Two years after leaving China to study in Khabarovsk in Russia's Far East, Li Tuan Shan has made himself quite at home in Russia.
He has a Slavic nickname, Maxim, and a Slavic girlfriend, Katya. He hangs out with Russian friends in the one trendy club in this city 25 miles from the Chinese border. After he graduates, Mr. Li says he'd like to move to Moscow.
"There's not enough work in China these days," explains Li, sitting in a dorm room he's brightened up with plastic flowers and a technicolor bedspread from China. "Russia lets us in, so we come here, but other countries won't take us."
Such views make some Russians nervous.
Since the 1991 fall of the Soviet Union and the opening of borders, Russia has become for many Chinese what the US is to poorer Mexicans: a land of opportunity to the north. Though Russia has been in the grips of an economic crisis since last year, there are still jobs Russians can't or won't do that many Chinese are willing to take.
Some Chinese, such as Li, come to study, but most are traders and laborers who can triple their income working in Russia.
Demographers estimate that about 300,000 Chinese now live in the Russian Far East. If migration continues at the current rate, Russia's Chinese population could near 10 million by 2050, says demographer Zhanna Zayonchkovskaya of the Russian Academy of Sciences in Moscow. That would make Chinese the largest ethnic group in Russia behind Russians themselves, outstripping such communities as the Tatars and Ukrainians.
Most Russians don't look kindly on foreigners, especially anyone of non-European appearance.
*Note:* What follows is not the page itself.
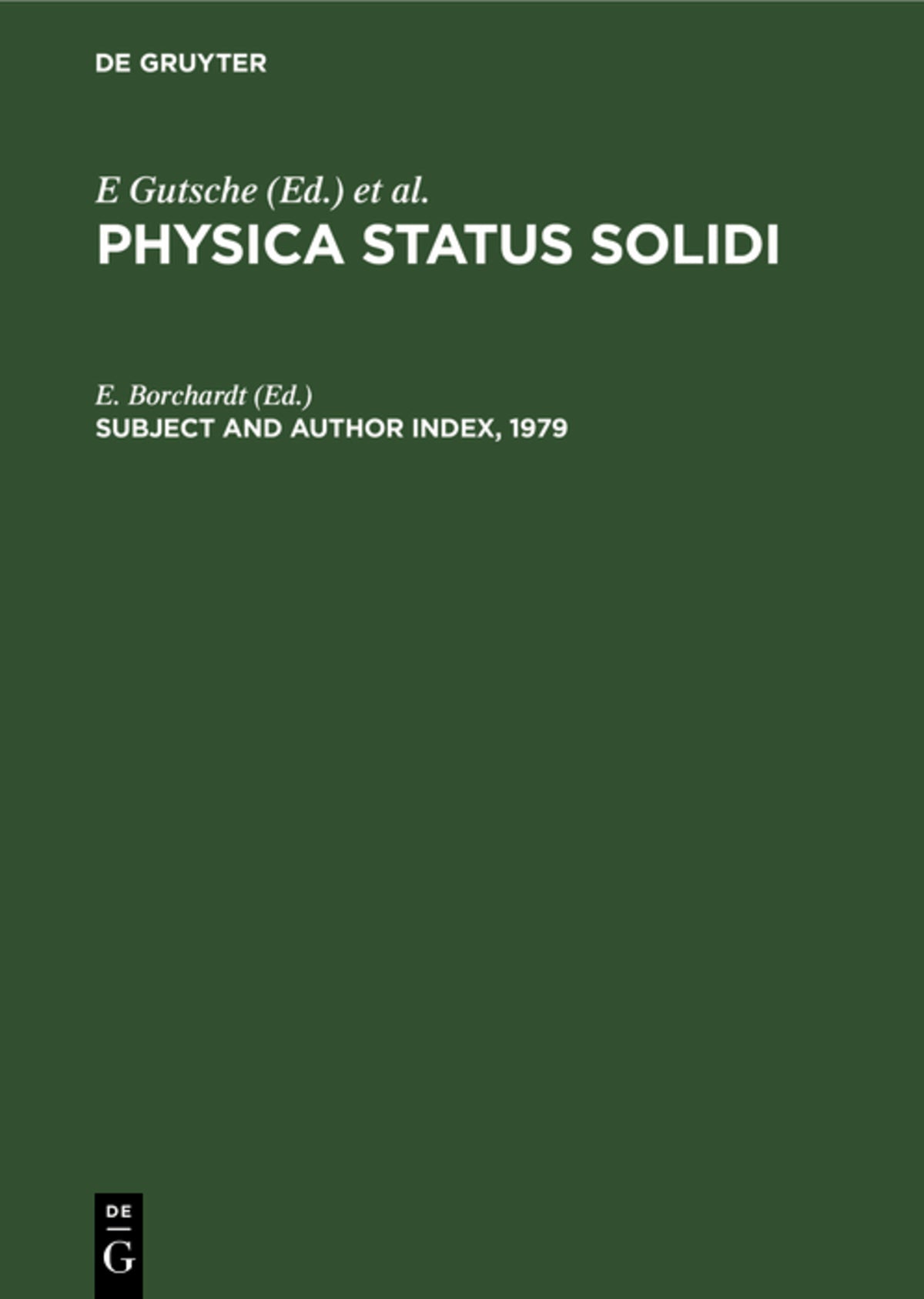 Subject and Author Index, 1979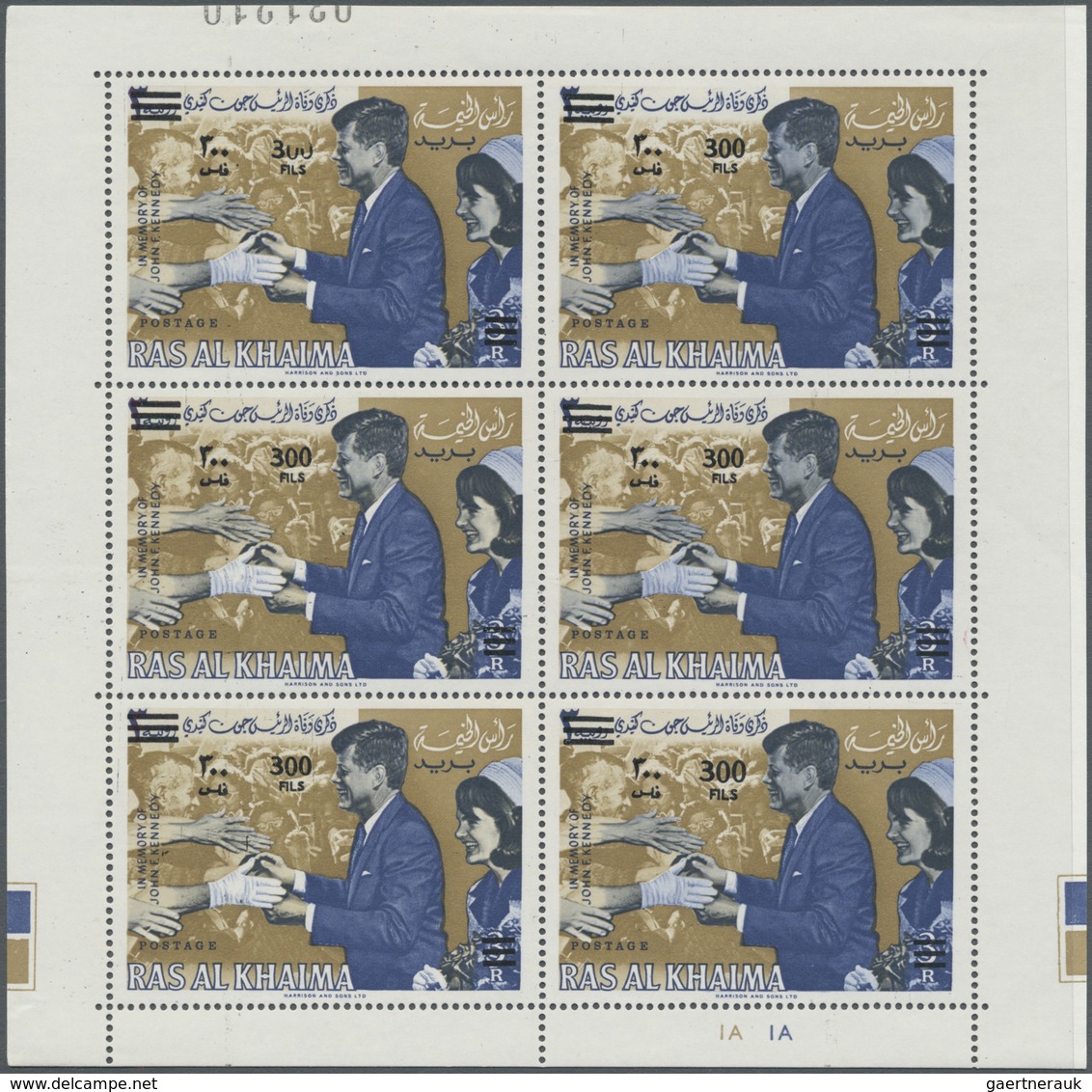 ** Ras al Khaima: 1965/1966, J.F.Kennedy, both issues (without/with overprint), each as mini sheets of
But those along the border with China feel the brunt of the changing relationship between their two countries, and they're profoundly ambivalent about the Chinese. Those Russians understand their economies have grown so intertwined that any break could mean disaster.
Still, "Russians are afraid that they will become an island in a vast Chinese sea," says Ms. Zayonchkovskaya.
The slowdown of the Asian economy, which began well before Russia's, and China's efforts to restructure inefficient industries have driven up unemployment to 20 percent in some regions and sparked a global exodus.
"No other country can match China for sheer numbers of immigrants moving through the world," says Wilya Gelbras, a Sinologist at Moscow State University.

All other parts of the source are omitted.